Young believes the most important parties to go after are the “perennial corrupters” the foreign companies that are taking “absolutely massive” amounts of money away from Africa, including South Africa, resulting in a serious degradation of the lives of the inhabitants.
Companies who did the bribing like Ferrostaal, Thales, Thyssen, British Aerospace and Saab should “feel the heat” of formal sanctions, says Young. They should be placed on South Africa’s blacklist, kept by SARS, which is the usual fate of companies found guilty of bribery.
“These companies are even prepared to pay multi-billion-rand fines for what they do. Their business models are based on corruption, everywhere.”
The second category that should “feel the heat”, says Young, is that of officials working for these overseas companies. “They do this for a living, moving from one country to the next, looking at changes of government and elections and strategising for years in advance. It is part of their jobs and they get rewarded for it. They should end up in jail.”
Young’s third category is that of the opportunists, “the Joe Modises and the Schabir Shaiks who do it perhaps once in their lives”. In South Africa, he says, they were handed the opportunity on a plate by a change in government. The arms companies curried favour with the people with the new political capital in the ANC and Parliament and the Department of Defence and formed little multilateral relationships.
“I would even recommend to the Scorpions that they rather get those local people as State witnesses to prove their case. It takes business ethics as low as any human being can conceptualise, when you are ripping off the taxpayers of poor countries… You take money away from the taxpayers, out of the fiscus, and put it into the ‘me, ye and ANC’ pot.
“When you take that level of resources out of the fiscus, it has massive implications on everything you can think of, from food to health, education and roads. That multi-billion-rand leakage ends up diminishing the quality of other people’s lives and sometimes extinguishing them.
“Armaments, communications, forestry, oil, gas and cellular telephony… we have to take it on, wherever we can.”
Calling the shots
Richard Young grew up on a sugarcane farm in KwaZulu-Natal and was sent to boarding school, which included a spell at Michaelhouse. He was called up at the age of 18 in 1976, which was the time of the SADF’s invasion of Angola.
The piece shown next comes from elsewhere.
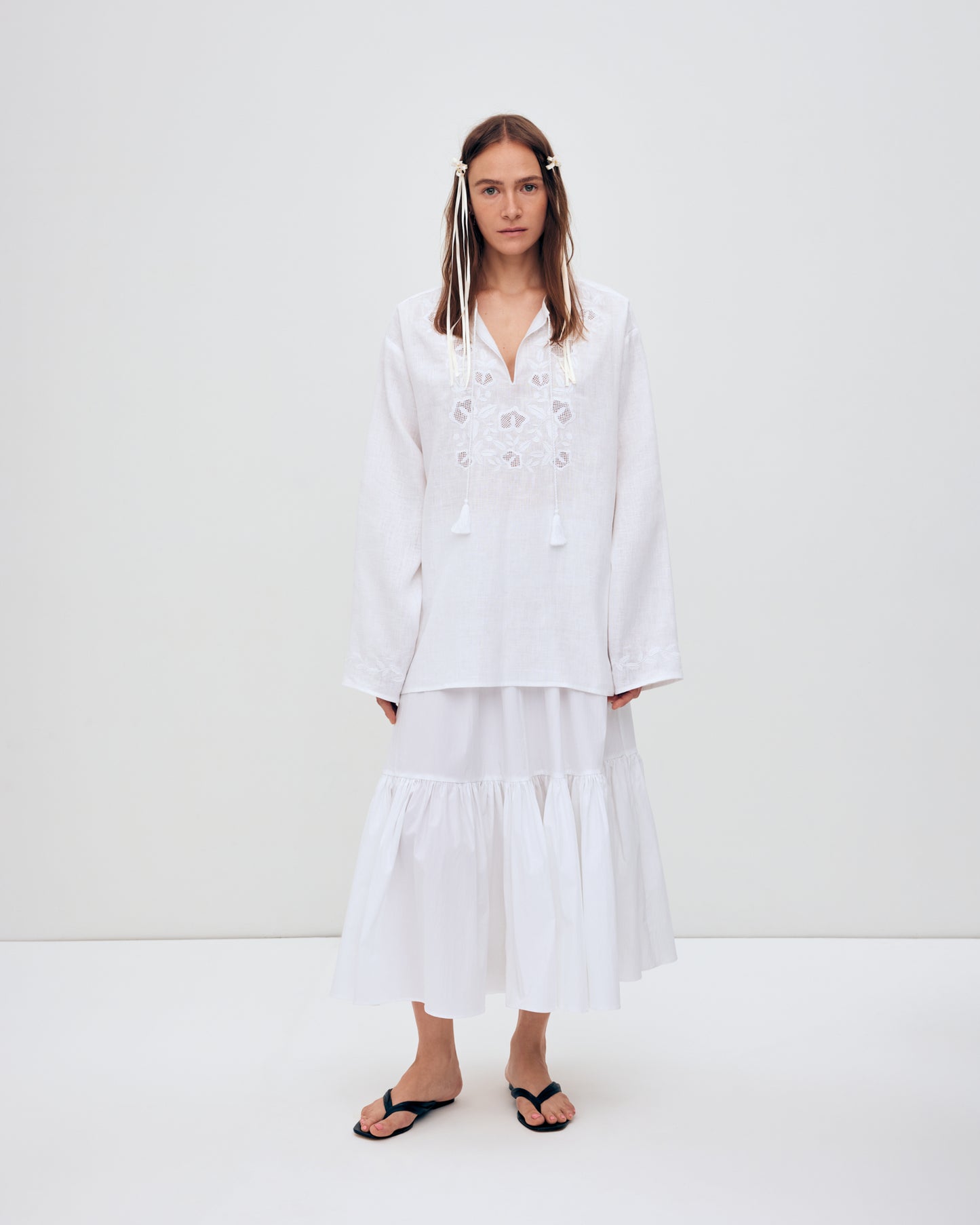 Купіть виріб ручної роботи Embroidered shirt Babylon XX in White від Nadiia World. Ідеальний вибір для додавання вишуканості та шарму до вашого житлового простору або колекції особистих аксесуарів.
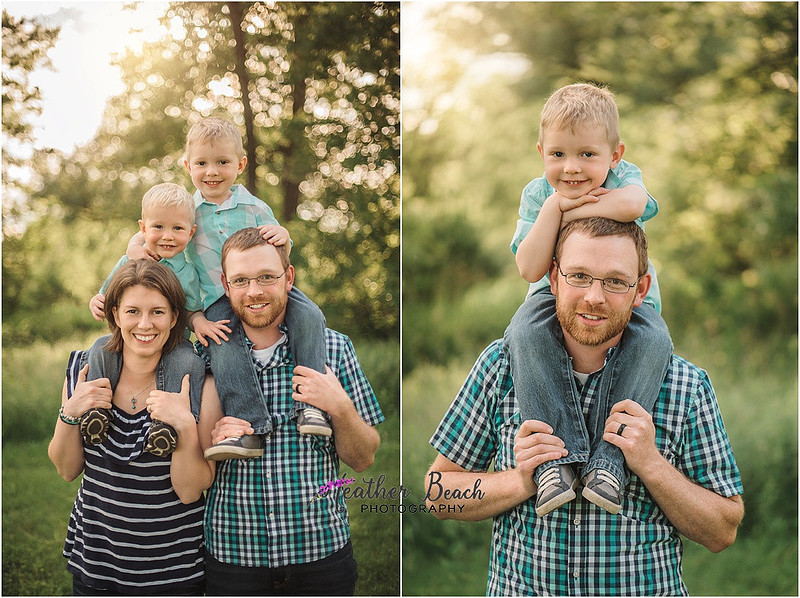 Family of 4, Sun Prairie family photographer, Sun Prairie portrait photographer, Sun Prairie child photographer, siblings, boardwalk, golden light photo session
After “basics”, Young was deployed to Special Signals because he could speak, read and write Zulu. He was sent to 2 Signals in Pretoria where he was trained as a direction-finding operator and had to learn Morse code. “We used to find the source positions of enemy signals.”
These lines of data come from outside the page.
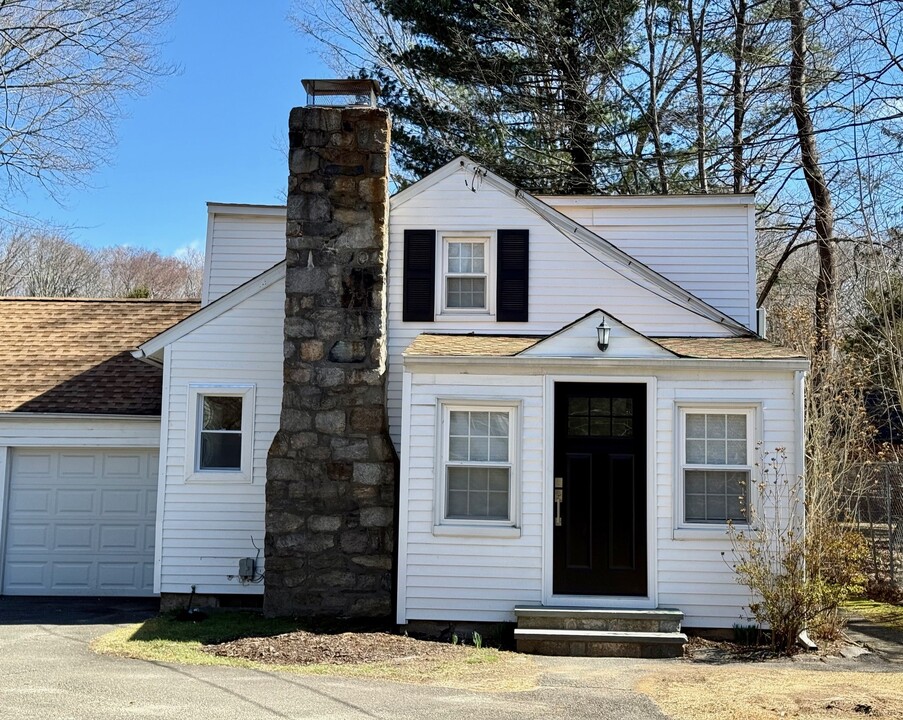 4 Evergreen Ave in Wilton, CT - Building Photo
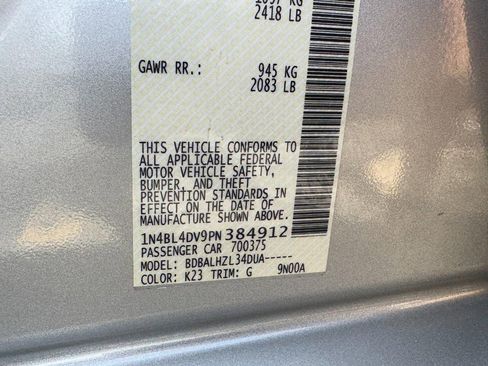 Used 2023 Nissan Altima 2.5 SV FWD image 25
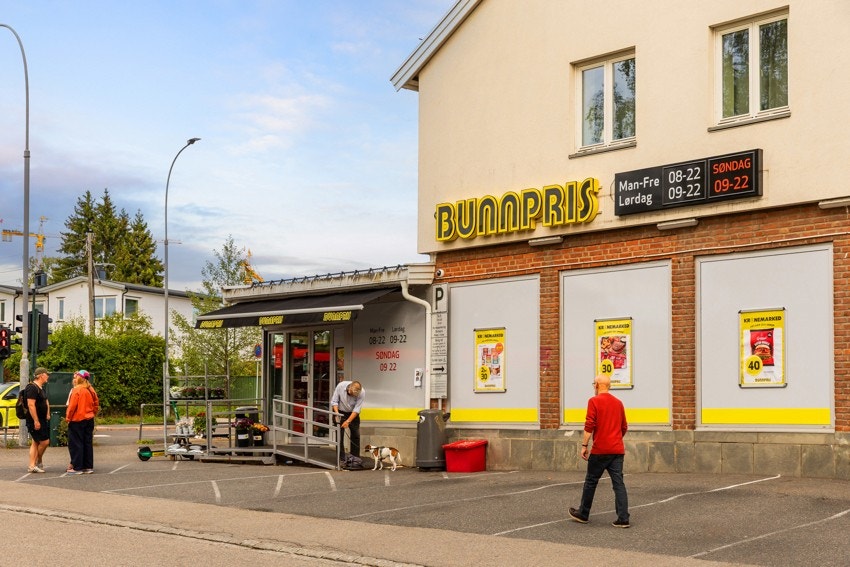 Søndagsåpen butikk med post I butikk like over veien. Galleribilde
The work was stimulating, and having come top in his direction-finding operator’s course, he joined an Operation BRUSH unit (Bush Reconnaissance Unit Signal HQ) in Zimbabwe (then Rhodesia). South Africa withdrew its forces at the end of June 1976 and Young was posted to Grootfontein in Namibia.
“When the recces were attacking Swapo or Zambian bases, we were listening in… we were hunting their transmissions. Some of those things were so top-secret and urgent that you had to rush off to the other signallers and they’d telex it to the directorate of military intelligence at defence headquarters in Pretoria. There was a serious war going on. We, as signallers, sat there with our earphones, listening in.”
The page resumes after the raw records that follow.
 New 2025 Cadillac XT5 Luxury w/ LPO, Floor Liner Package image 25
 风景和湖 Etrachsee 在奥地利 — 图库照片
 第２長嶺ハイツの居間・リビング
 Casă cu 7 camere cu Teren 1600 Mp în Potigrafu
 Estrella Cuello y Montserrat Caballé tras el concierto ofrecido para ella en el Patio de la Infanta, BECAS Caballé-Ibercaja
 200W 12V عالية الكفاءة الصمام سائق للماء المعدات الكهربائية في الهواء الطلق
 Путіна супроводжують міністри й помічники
Young later worked as an interceptor and when his military stint was over, acquired a BSc in electronic engineering from the University of Natal, found a job in data communications, completed an MSc at UCT, then at Wits, a PhD in engineering, focusing on real-time data communications.
In his early thirties, Young started his company C²I² Systems (slogan: “Force multiplication through information technology”) specialising in applied information technology in the defence electronics sector.
His interest in the navy started early on as the companies he worked for were involved in naval systems. Later, he was approached by Armscor to continue with work they had started in the late eighties on submarine and frigate combat systems.
He explains: “The Information Management System is the crucial ‘nerve system’ of the ship. It transports the real-time data that coordinates sensors, control elements and weapons.”
Young’s system was developed in conjunction with Armscor and defence contractor African Defence System (ADS) then still South African-owned and had been chosen by the SA Navy for its new patrol corvette combat suite.
But, at a late stage in the process, the contract was granted instead to Detexis, a subsidiary of the French defence company, Thomson-CSF, now Thales International. Thomson took over ADS which, along with other companies, played a dubious role in the arms acquisition process.
One director of ADS was the now infamous Schabir Shaik, brother of the former chief of acquisitions in the Department of Defence, “Chippy” Shaik, the man considered, along with former Defence Minister Joe Modise, to have been the main architect of the deal.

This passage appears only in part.